> [Dataset excerpts]
----------------------------------------
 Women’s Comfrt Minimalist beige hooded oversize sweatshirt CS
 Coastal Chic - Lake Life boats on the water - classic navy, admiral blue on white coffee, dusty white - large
----------------------------------------
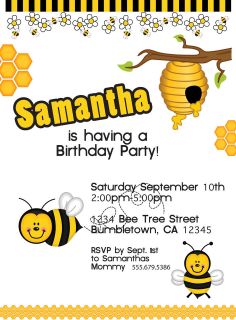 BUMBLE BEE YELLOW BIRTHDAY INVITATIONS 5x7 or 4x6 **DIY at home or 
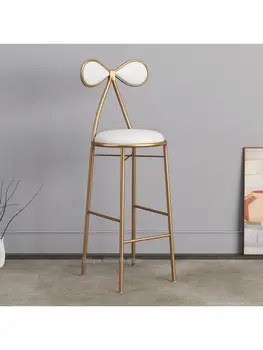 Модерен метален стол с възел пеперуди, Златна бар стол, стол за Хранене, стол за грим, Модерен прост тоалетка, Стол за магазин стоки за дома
----------------------------------------
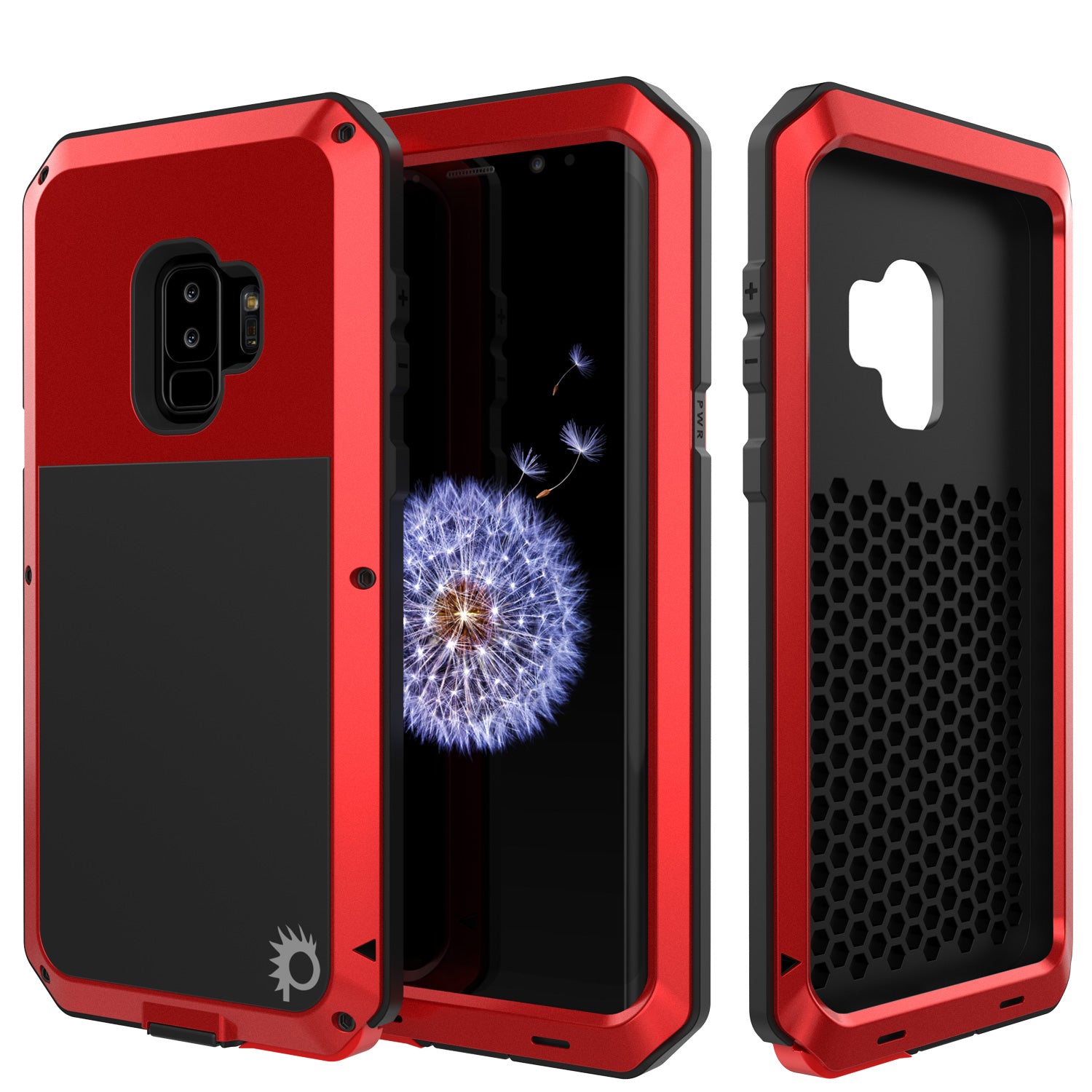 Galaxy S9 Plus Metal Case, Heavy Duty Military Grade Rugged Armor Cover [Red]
----------------------------------------
> [Task instructions] Repeat, word for word, the lines of the material above from the one holding "BUMBLE BEE YELLOW" through the one holding "Модерен метален стол". Leave out pictures.

> [Task output]
 BUMBLE BEE YELLOW BIRTHDAY INVITATIONS 5x7 or 4x6 **DIY at home or 
 Модерен метален стол с възел пеперуди, Златна бар стол, стол за Хранене, стол за грим, Модерен прост тоалетка, Стол за магазин стоки за дома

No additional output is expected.